### Task brief
Each line of the data must be given back verbatim, with pictures removed.

::: Supplied data :::

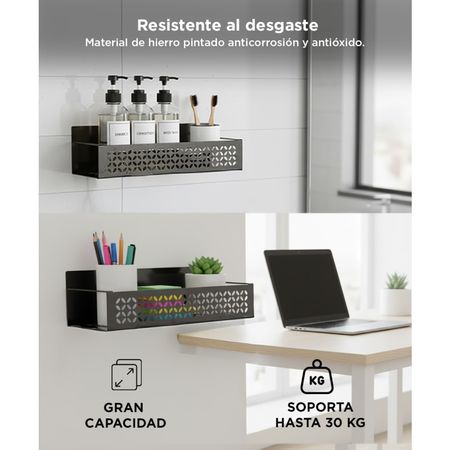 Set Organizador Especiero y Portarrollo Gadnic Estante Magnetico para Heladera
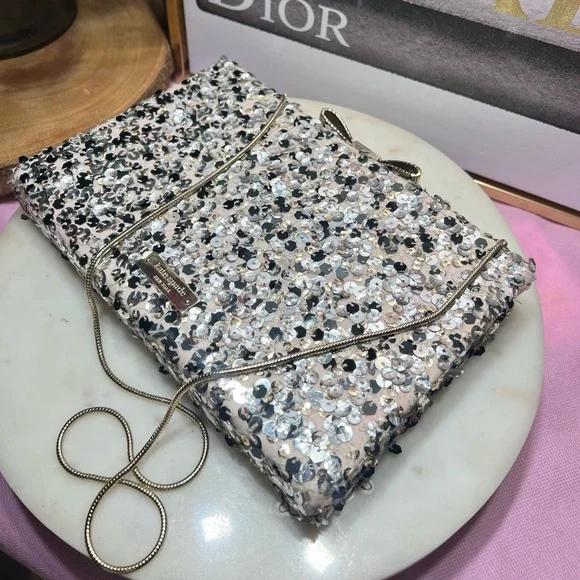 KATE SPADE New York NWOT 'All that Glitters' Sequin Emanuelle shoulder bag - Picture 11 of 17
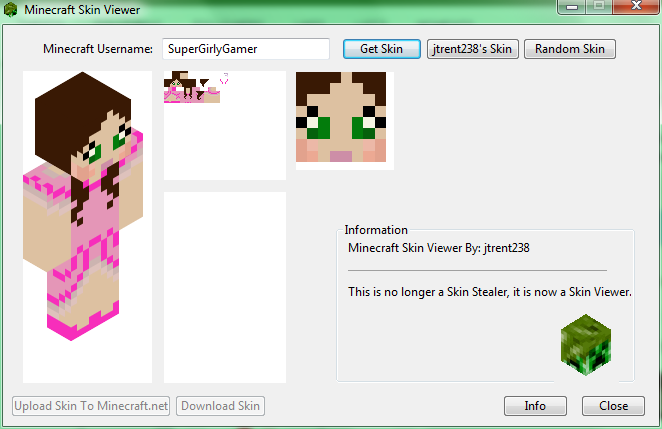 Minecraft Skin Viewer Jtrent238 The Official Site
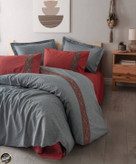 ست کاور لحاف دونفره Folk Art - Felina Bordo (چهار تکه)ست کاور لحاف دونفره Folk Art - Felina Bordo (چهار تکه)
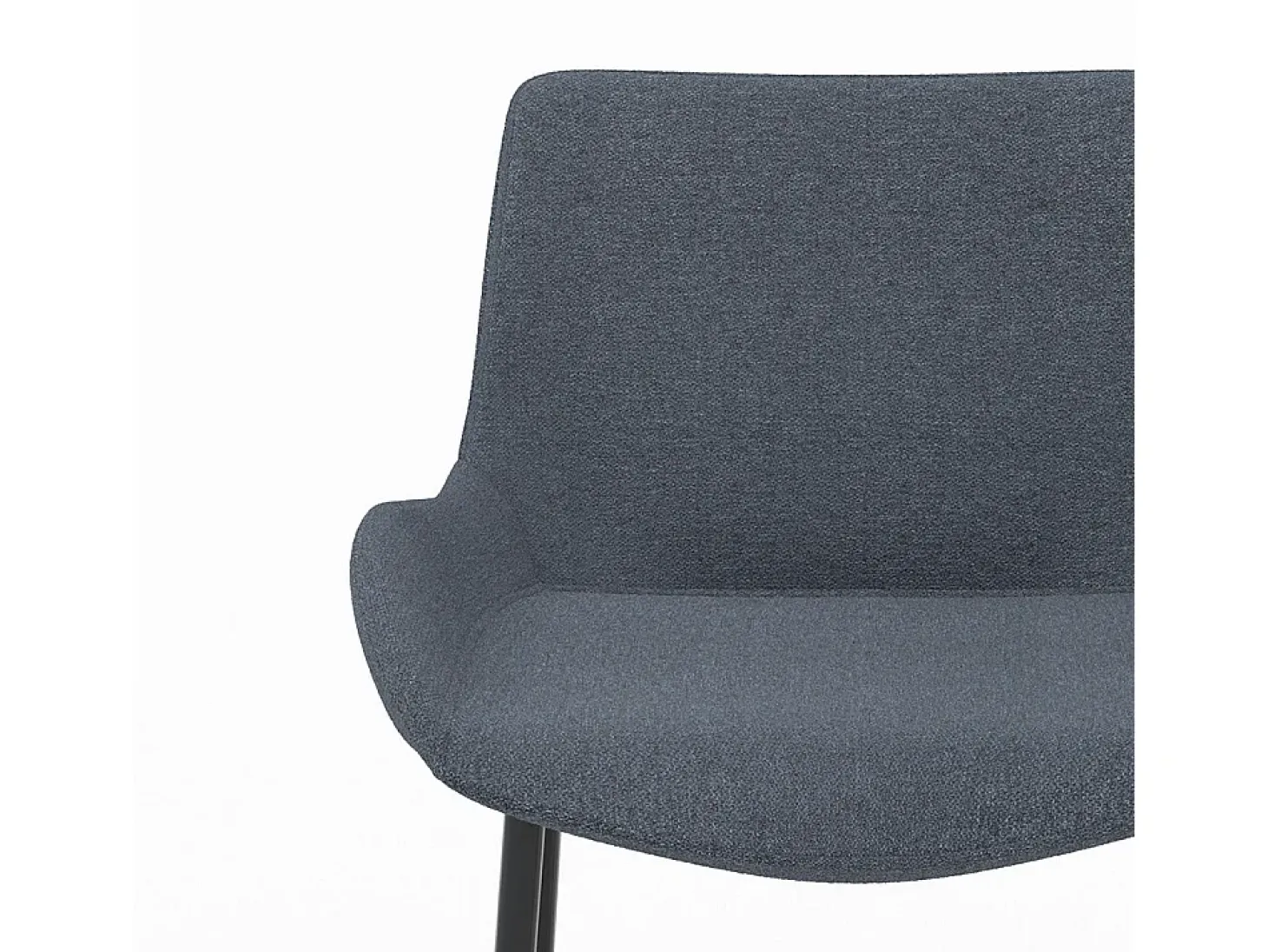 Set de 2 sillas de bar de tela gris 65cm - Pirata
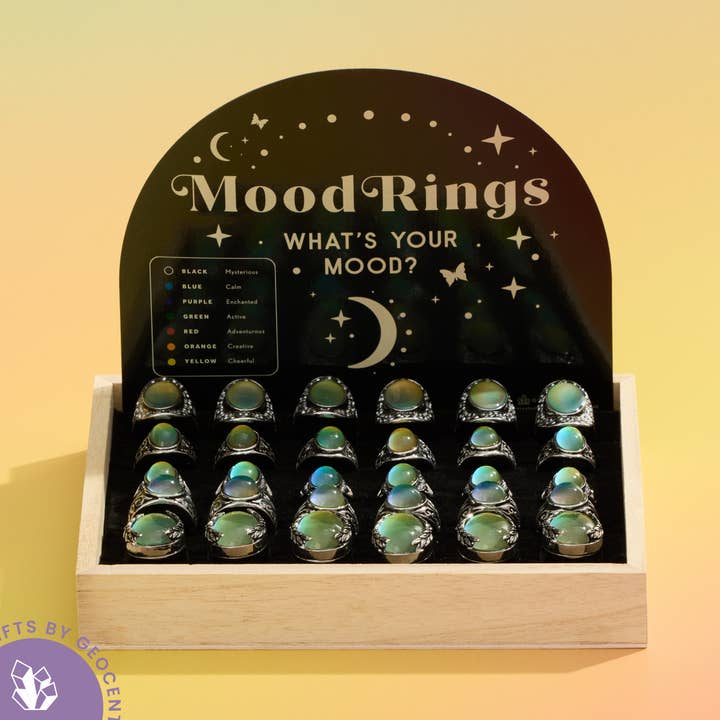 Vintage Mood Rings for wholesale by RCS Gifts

:::

### The answer
 Set Organizador Especiero y Portarrollo Gadnic Estante Magnetico para Heladera
 KATE SPADE New York NWOT 'All that Glitters' Sequin Emanuelle shoulder bag - Picture 11 of 17
 Minecraft Skin Viewer Jtrent238 The Official Site
 ست کاور لحاف دونفره Folk Art - Felina Bordo (چهار تکه)ست کاور لحاف دونفره Folk Art - Felina Bordo (چهار تکه)
 Set de 2 sillas de bar de tela gris 65cm - Pirata
 Vintage Mood Rings for wholesale by RCS Gifts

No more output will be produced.